DataEncoderDecoder
The DataEncoderDecoder gem allows you to encode or decode data in selected columns using a variety of standard techniques, including Base64, Hex, and AES encryption. You can transform values in-place or create new output columns with a prefix or suffix.
Input and Output
The DataEncoderDecoder gem accepts the following input and output.
Port | Description |
---|---|
in0 | Input dataset containing one or more string or binary columns to encode or decode. |
out | Output dataset with transformed values. Output columns depend on the transformed column option. |
Parameters
Configure the DataEncoderDecoder gem using the following parameters.
Parameter | Description |
---|---|
Select columns to encode/decode | One or more columns to apply the transformation to. |
Select encode/decode option | The encoding or decoding method to apply. See Encode/Decode methods. |
Transformed column options | Choose how the output should be written. See Transformed column options. |
Encode/Decode methods
Choose from the following methods:
base64
Encodes the selected column(s) using Base64.
unbase64
Decodes Base64-encoded column values.
hex
Encodes the selected column(s) into hexadecimal format.
unhex
Decodes hexadecimal-encoded values.
encode
Encodes the string column(s) using a specified character set.
- Charset: Character set to use, such as
UTF-8
.
decode
Decodes the string column(s) using a specified character set.
- Charset: Character set to use, such as
UTF-8
.
aes_encrypt
Encrypts the selected column(s) using AES encryption.
- Secret scope: The name of the Databricks secret scope.
- Secret key: The key name within the scope that stores the encryption key.
- Mode: AES encryption mode to use.
GCM
CBC
EBC
- (Optional) AAD scope and key: For GCM mode, you can specify Databricks scope and key for the AAD.
- (Optional) Initialization vector scope and key: For CBC mode, specify a Databricks secret scope and key for the IV.

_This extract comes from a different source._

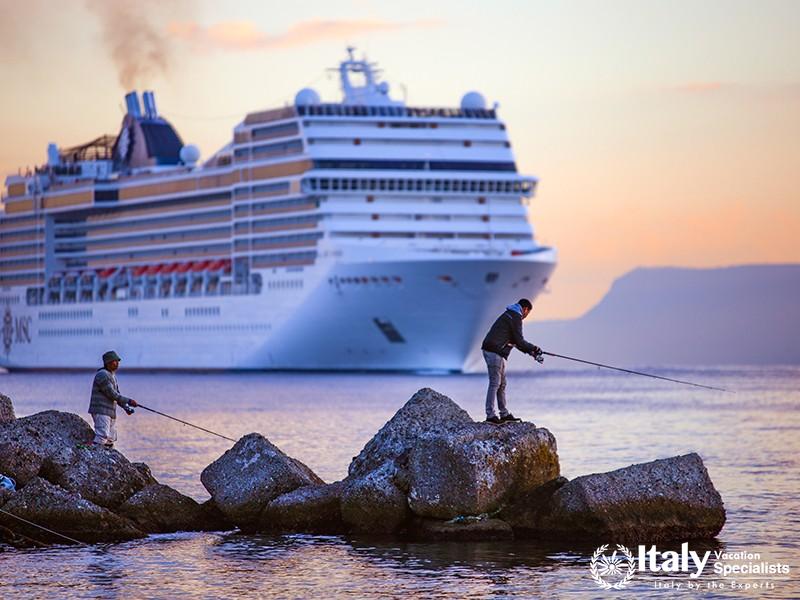 Ship heading to the harbor, sunrise above the sea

Transformed column options
- Substitute the new columns in place: Replaces the original column(s) with the transformed values.

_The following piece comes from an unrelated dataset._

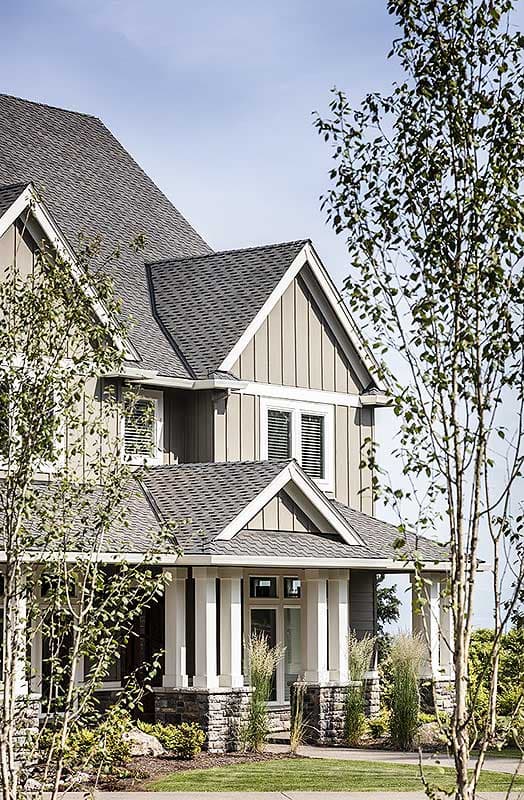 House plan exterior: Two-story home with gables, dormers, stone base, and a covered porch supported by columns.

- Add new columns with a prefix/suffix attached: Adds a new column for each transformed input column, appending a prefix or suffix to the name.
Example
Assume you have the following dataset:
ID | Message |
---|---|
1 | Hello world! |
2 | Prophecy |
Using the base64
method, adding new columns with the suffix _encoded
, the output would be:
ID | Message | Message_encoded |
---|---|---|
1 | Hello world! | SGVsbG8gd29ybGQh |
2 | Prophecy | UHJvcGhlY3k= |